Researchers at Facebook just published a new translation algorithm that uses context to perform translations nine times faster and more accurately than other conventional systems used today.

Conventional translation algorithms go one word or phrase at a time, from the beginning of a sentence to the end. To improve translation, researchers teach algorithms to group words together to create context before translation begins.

On Tuesday, researchers at Facebook leveled up, and decided to use a technique from algorithms that analyzes pictures and translate sentences in a bunch of simultaneous contextual chunks.

It’s something the researchers at the Facebook Artificial Intelligence Research lab call “multi-hop attention,” which gives the impression of a bunch of excited bunnies working to translate a sentence together. The new technique speeds up translations significantly from the conventional methods, and has the potential to significantly improve translations. On top of that, it signals the beginning of using neural networks that are really good at tasks in specific fields to improve unrelated tasks. The researchers say they hope it can be used in document summarization, dialog systems, and question answering.

The translation algorithm uses a convolutional neural network which is used in computer vision because it can look at an image at many scales simultaneously. It was originally developed by Facebook’s own Yann LeCun.

“In our case, it took some time to figure out all the details to get CNN’s to work for translation. We tried several methods to train those systems and it was not obvious from the outset which one would work,” Michael Auli, at Facebook Artificial Intelligence Research tells Inverse.

Some researchers have used these kinds of neural networks for translation, but typically for sentence analysis and not word-for-word translation.

The algorithm is able to look at the whole phrase (top) and then figure out what the most important parts are to build the translation (bottom). The dark lines show where the algorithm is paying attention to translate each word.

Finally, by using a technique to control the way the information flowed into the algorithm during training, the team was able to get good translations. The method is basically the idea that you can build knowledge from simple to more complex. So by shutting down some of the function of the algorithm early on, Auli and his team were able to build the speed and skill of the translation over time, by teaching the system how to identify the most important information. Once the training was over, the team was able to translate between French, German, and Romanian nine times faster than the neural networks that have typically been used for translation.

Right now, the translation process only works on sentences, and can’t use context from an entire document to improve its translation, Auli says. He thinks it should be possible to do that, and the team is working to be the first to apply a translation algorithm to an entire document.

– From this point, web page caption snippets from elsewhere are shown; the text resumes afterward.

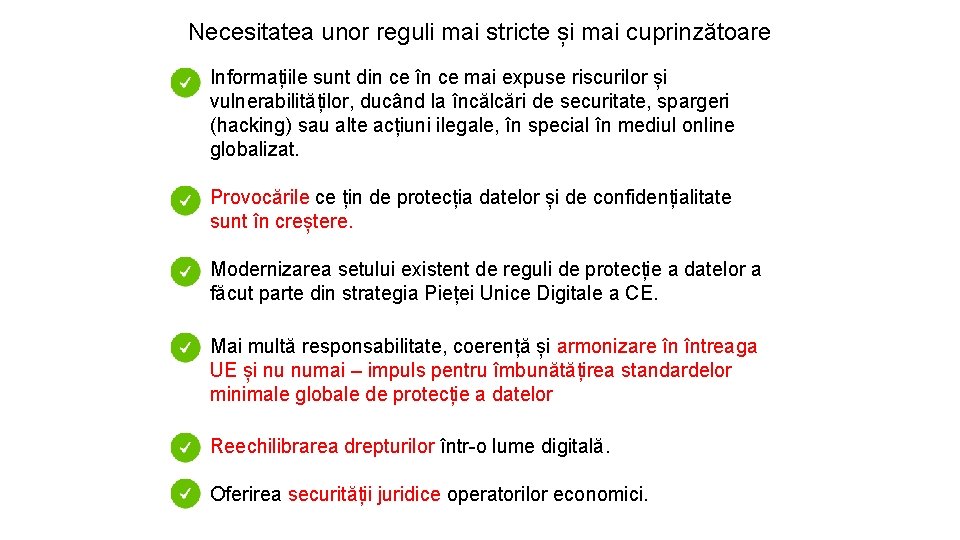 Necesitatea unor reguli mai stricte și mai cuprinzătoare Informațiile sunt din ce în ce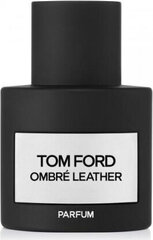 Parfüümvesi Tom Ford Ombré Leather Parfum EDP naistele/meestele, 50ml hind ja info | Naiste parfüümid | kaup24.ee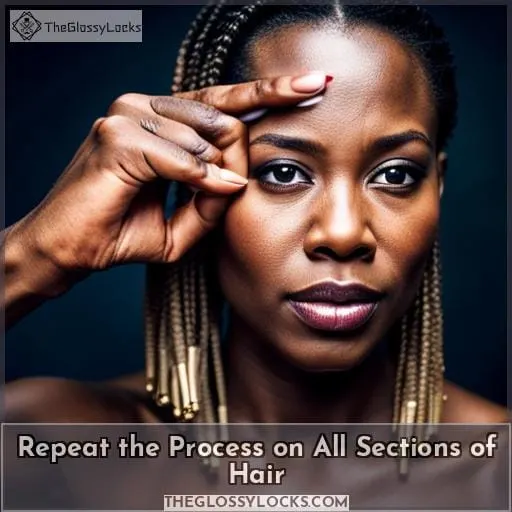 Repeat the Process on All Sections of Hair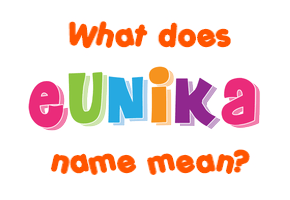 Meaning of Eunika Name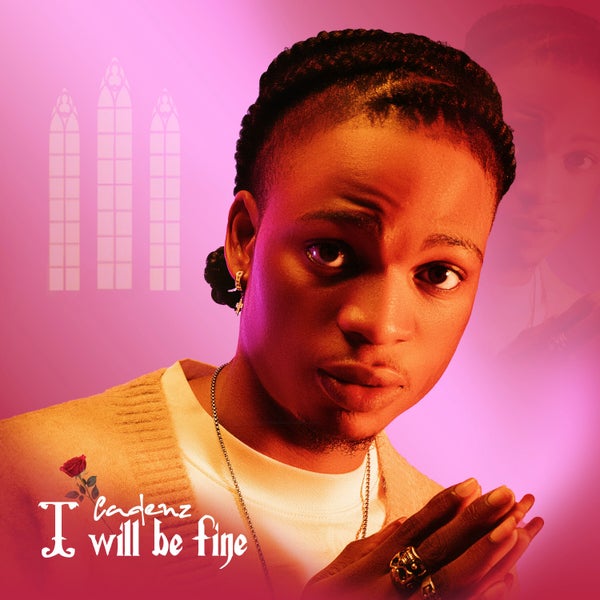 Cadenz - I Will Be Fine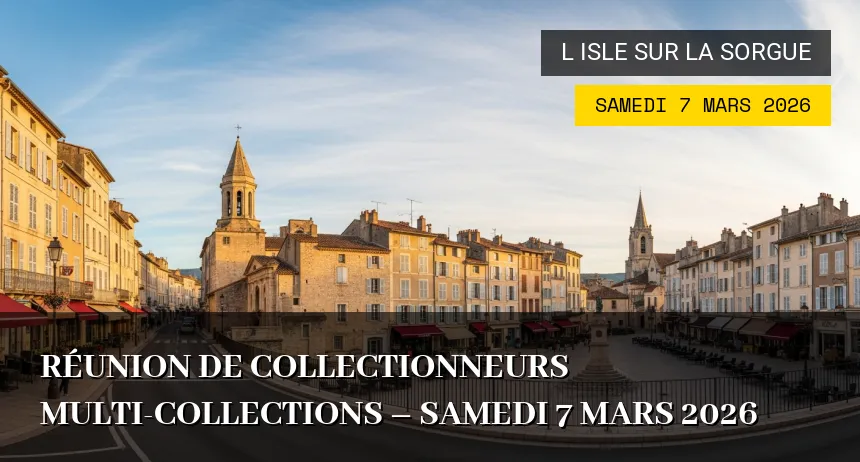 Affiche de l'événement : Réunion de Collectionneurs Multi-collections – Samedi 7 Mars 2026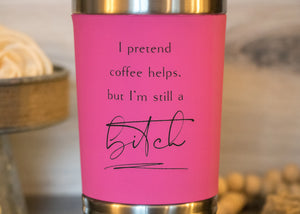 
                  
                    I pretend coffee helps . . . | 20 oz Polar Camel Tumbler | color options
                  
                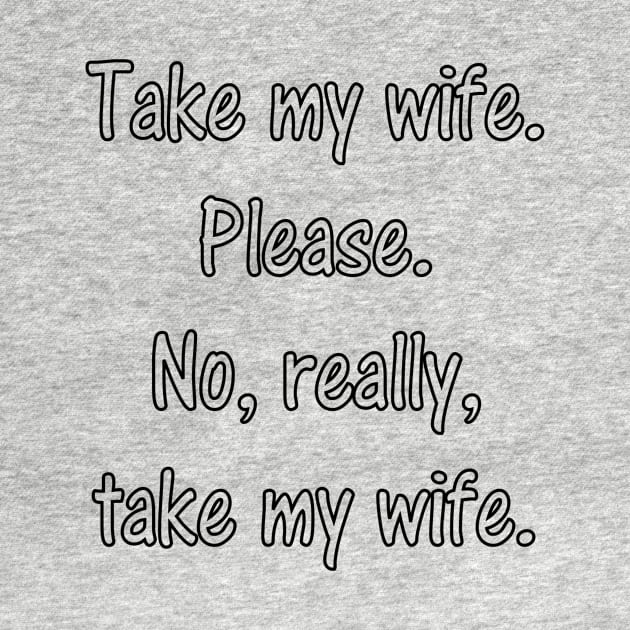 Take my wife... by robertsmith50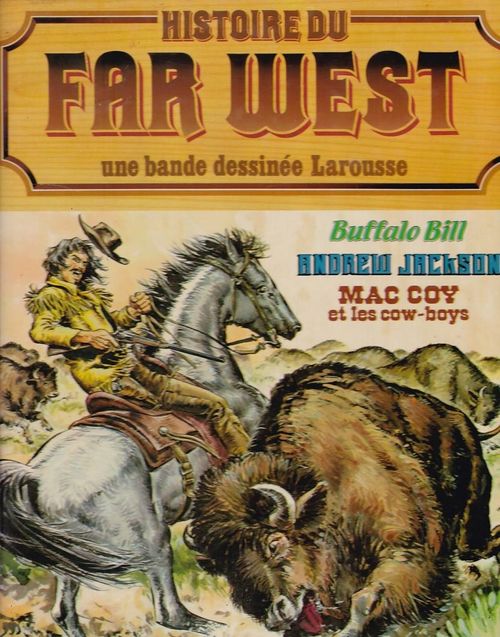 Histoire Du Far West - Volume 05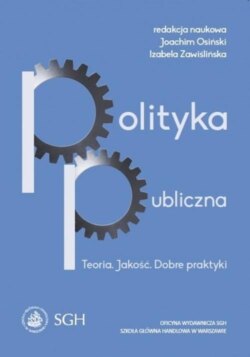 Polityka publiczna. Teoria i jakość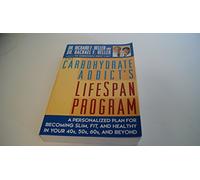 The Carbohydrate Addict's Lifespan Program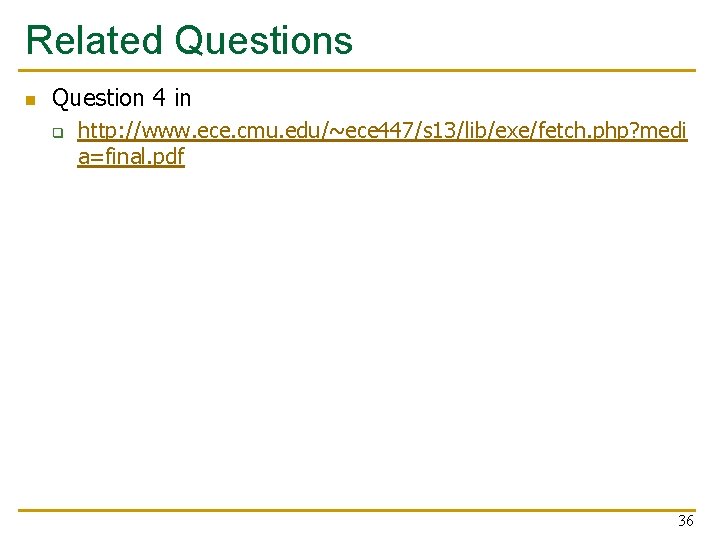 Related Questions n Question 4 in q http: //www. ece. cmu. edu/~ece 447/s 13/lib/exe/fetch.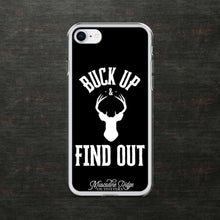 Load image into Gallery viewer, Buck Up and Find Out Clear Case for iPhone® (Black)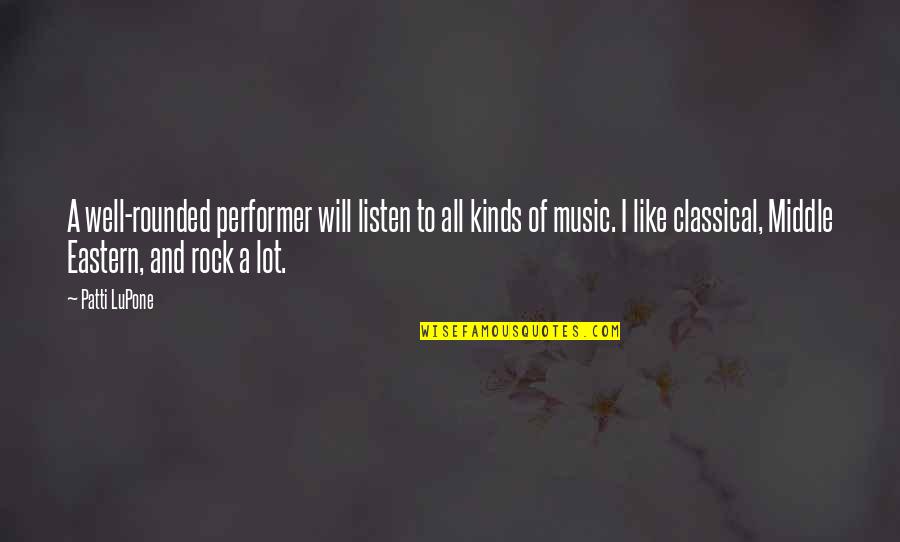 Best Classical Music Quotes By Patti LuPone: A well-rounded performer will listen to all kinds Best Classical Music Quotes By Patti LuPone: A well-rounded performer will listen to all kinds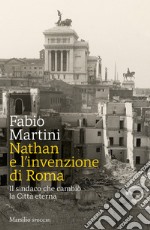 Nathan e invenzione di Roma. Il sindaco che cambiò la Città eterna libro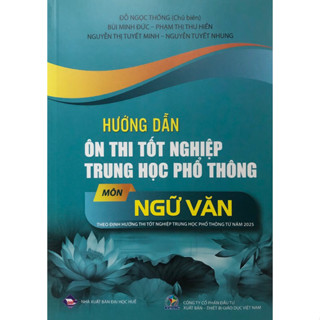 Sách - Hướng dẫn ôn thi tốt nghiệp trung học phổ thông môn Ngữ Văn theo định hướng thi tốt nghiệp thpt từ năm 2025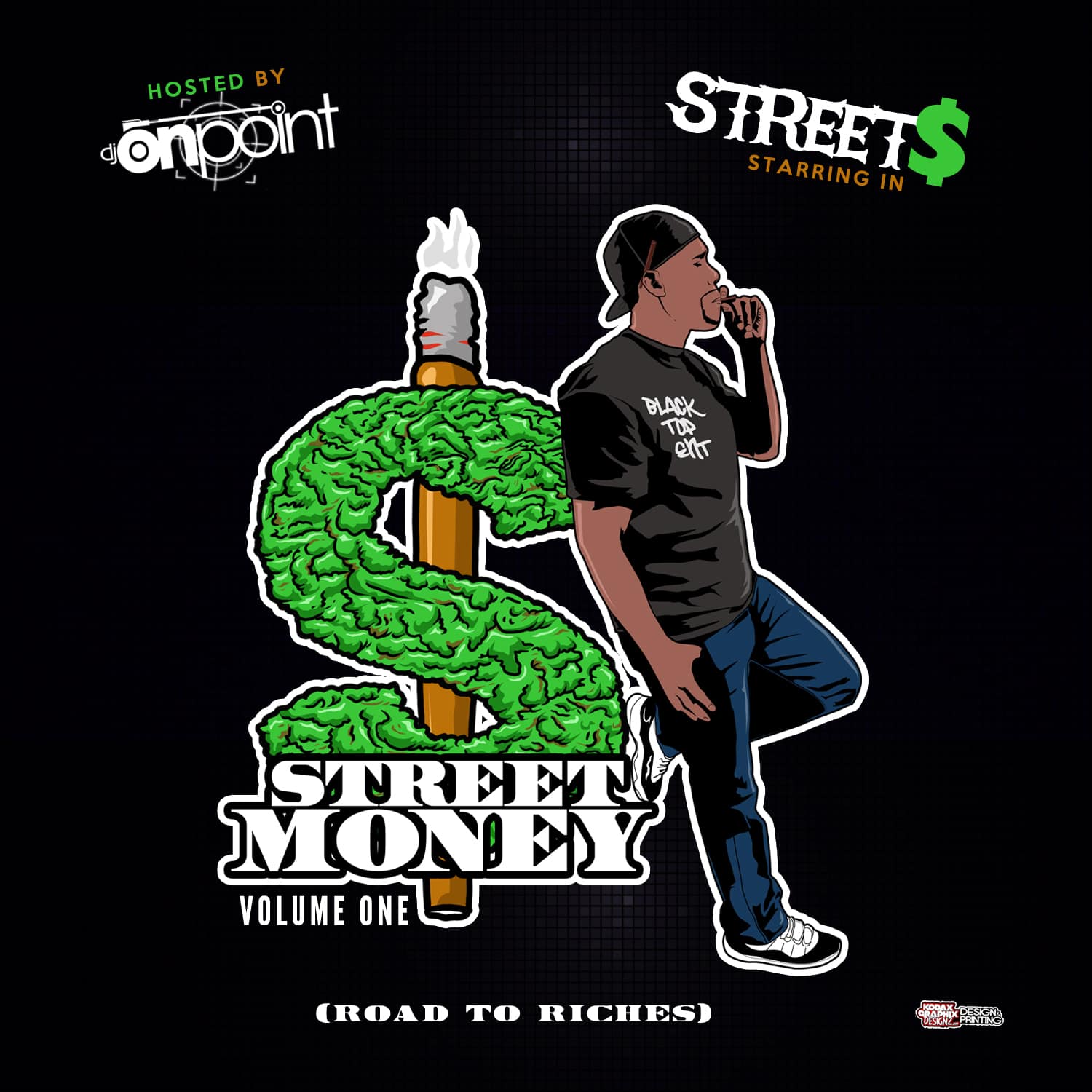 Street$ aka Street Money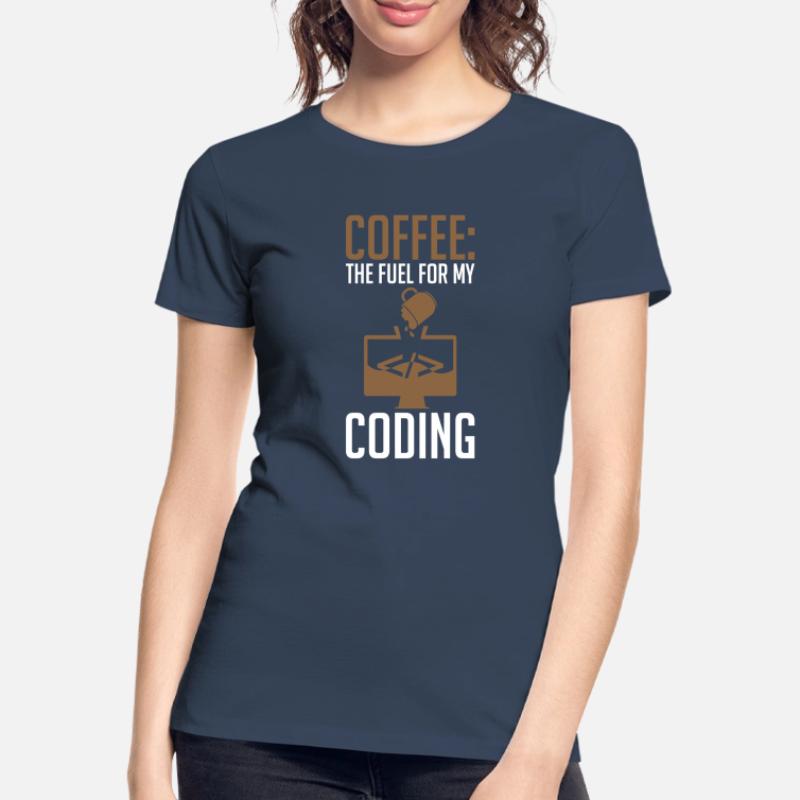 Coder Coffee Le carburant de mon codage T-shirt bio Premium Femme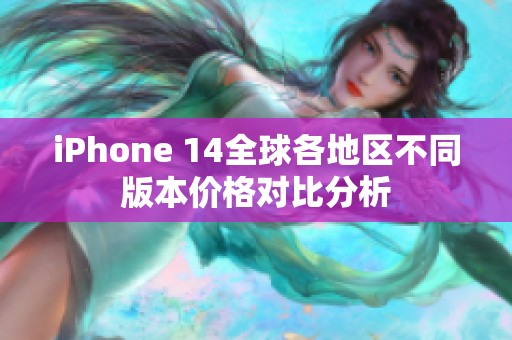 iPhone 14全球各地区不同版本价格对比分析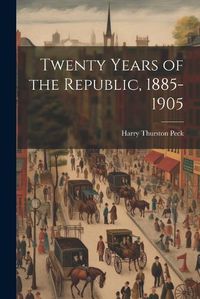 Cover image for Twenty Years of the Republic, 1885-1905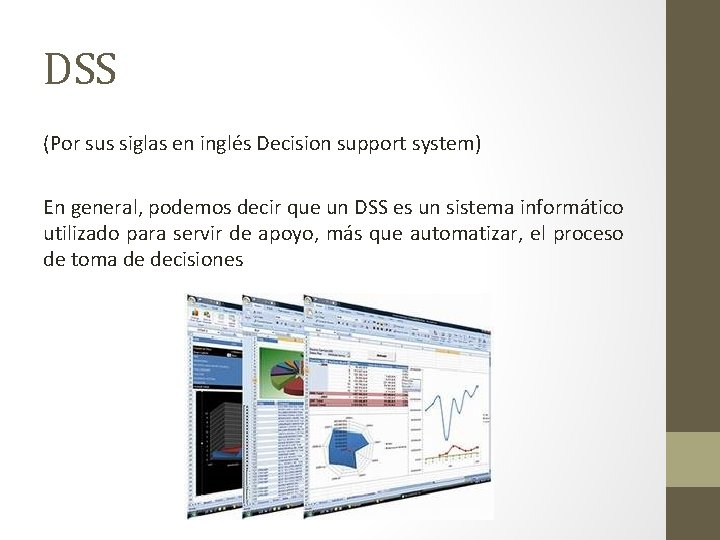 DSS (Por sus siglas en inglés Decision support system) En general, podemos decir que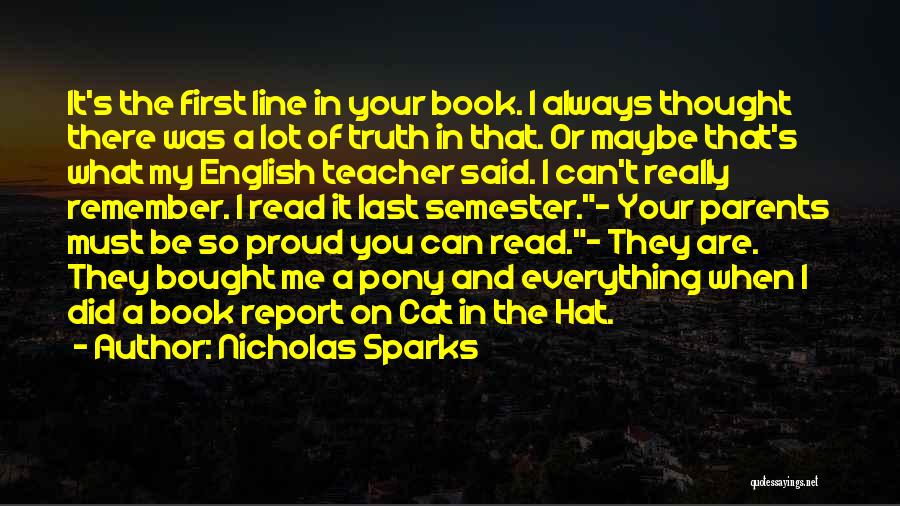 Nicholas Sparks Quotes: It's The First Line In Your Book. I Always Thought There Was A Lot Of Truth In That. Or Maybe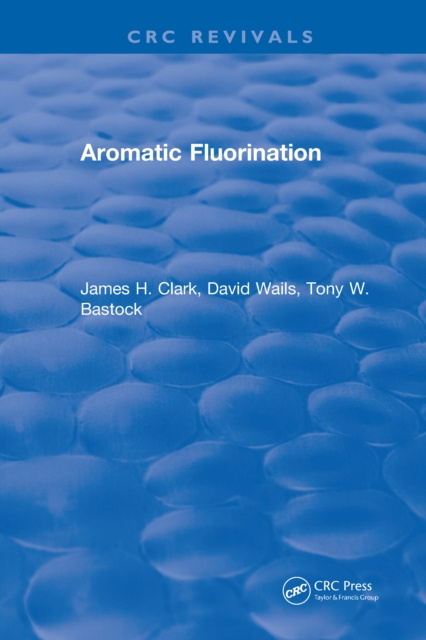 E-book Aromatic Fluorination James H. Clark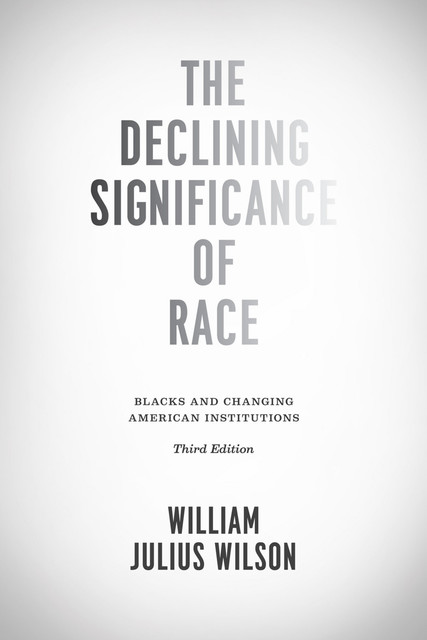 The Declining Significance of Race, William Wilson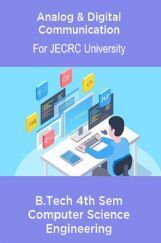 Analog & Digital Communication B.Tech 4th Sem Computer Science Engineering For JECRC University Analog & Digital Communication B.Tech 4th Sem Computer Science Engineering For JECRC University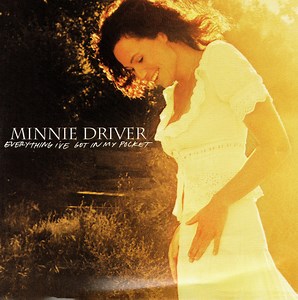 Minnie Driver - Everything I've Got In My Pocket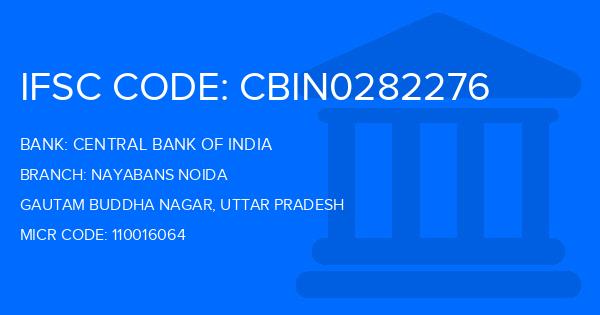 Central Bank Of India (CBI) Nayabans Noida Branch IFSC Code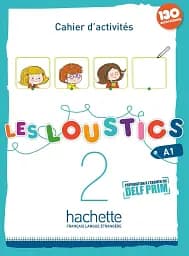 Les Loustics. Niveau 2. Cahier d'activites A1 + CD audio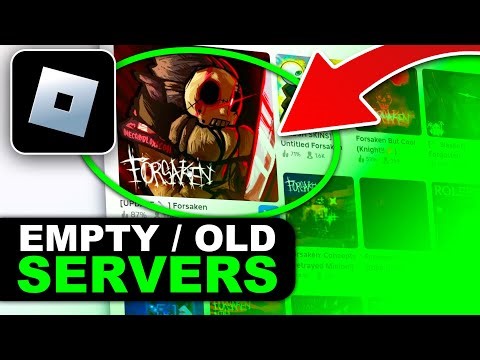 How to Find Empty or Old Servers in Forsaken (Roblox)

“We also foresee that different translation systems could benefit from our multi-hop attention mechanism, which enable the translation system to look at the source sentence multiple times.” says Auli.

And this is just the beginning of using neural networks typically used for visual analysis in translation, Auli says. Algorithms that work by analyzing images by running parallel analyses at the same time is one of the next kinds of next tech the team intends to try in translation, he says.

Correction, May 12: Auli’s team will look into more than the neural networks typically used for visual analysis in their translation work, as originally reported in the story.